Are Millions of Bangladeshis Facing Threats from Water-Driven Changes?
Synopsis
Key Takeaways
- Over 22 million Bangladeshis face risks from hydrogeomorphic hazards.
- 86 percent of those affected are from impoverished households.
- These hazards can lead to permanent land loss and displacement.
- Long-term impacts include threats to food security and livelihoods.
- Urgent action is needed to address these challenges.
London, Nov 26 (NationPress) More than 22 million individuals — which accounts for roughly 13 percent of Bangladesh's populace — reside in regions undergoing rapid, water-induced landscape transformations, such as riverbank erosion, land degradation, and fluctuating river paths. This information stems from the inaugural examination of hydrogeomorphic hazards, as outlined in a report released on Wednesday.
Remarkably, 86 percent of those at risk belong to the most impoverished households, highlighting profound inequalities at the convergence of climate vulnerabilities, poverty, and developmental challenges in the South Asian country.
“The study, published in Nature Communications, demonstrates that these hydrogeomorphic dangers — which differ from floods or storms — can irrevocably alter land, obliterate residences and agricultural areas, and repeatedly displace at-risk communities. By 2050, exposure to these threats is anticipated to escalate due to increasing population pressures,” according to a report from the Environmental Change Institute (ECI), part of the University of Oxford’s School of Geography and the Environment.
The research, spearheaded by Amelie Paszkowski, a Research Associate at ECI and a member of the Oxford Programme for Sustainable Infrastructure Systems (OPSIS), is the first to assess Bangladesh’s vulnerability to hydrogeomorphic hazards.
“Utilizing 35 years of satellite imagery and advanced hydrogeomorphic modeling, the research team identified areas in Bangladesh where the land surface has undergone significant changes—and mapped the demographics of those residing in these precarious zones.

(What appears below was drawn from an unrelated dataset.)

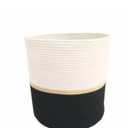 HD Designs Polyester Rope Basket - White Black & Gold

They discovered that the poorest households are twice as likely as wealthier families to live in areas threatened by these prolonged landscape alterations,” the report indicated.
“Unlike floods, which often allow people to return once waters recede, hydrogeomorphic changes can permanently obliterate land, leaving families without homes, farmland, or feasible relocation options. This chronic, often overlooked hazard has lasting repercussions on food security, livelihoods, education, and debt,” it further noted.
Paszkowski emphasized the necessity of incorporating these hazards into Bangladesh’s climate adaptation and development frameworks.
“Individuals are not merely recovering from water—they are losing the ground beneath them,” she stated.
Highlighting the wider implications, co-author Professor Jim Hall, who leads OPSIS, remarked, “This research unveils risk patterns that have been obscured. The dangers posed by geomorphic changes are not widely recognized, yet in the rapidly changing rivers that traverse densely populated deltas, the consequences for people, especially the most vulnerable, can be profoundly detrimental. Hydrogeomorphic hazards must be integrated into disaster risk management and poverty alleviation plans.”
With projections indicating a potential 29 percent rise in exposure by 2050 in Bangladesh, the authors advocate for enhanced social protection for communities in at-risk areas and infrastructure designed to adapt to enduring landscape changes. They also stressed the importance of planning strategies that highlight regions vulnerable to permanent land loss, along with targeted measures for the impoverished, who face the highest risks.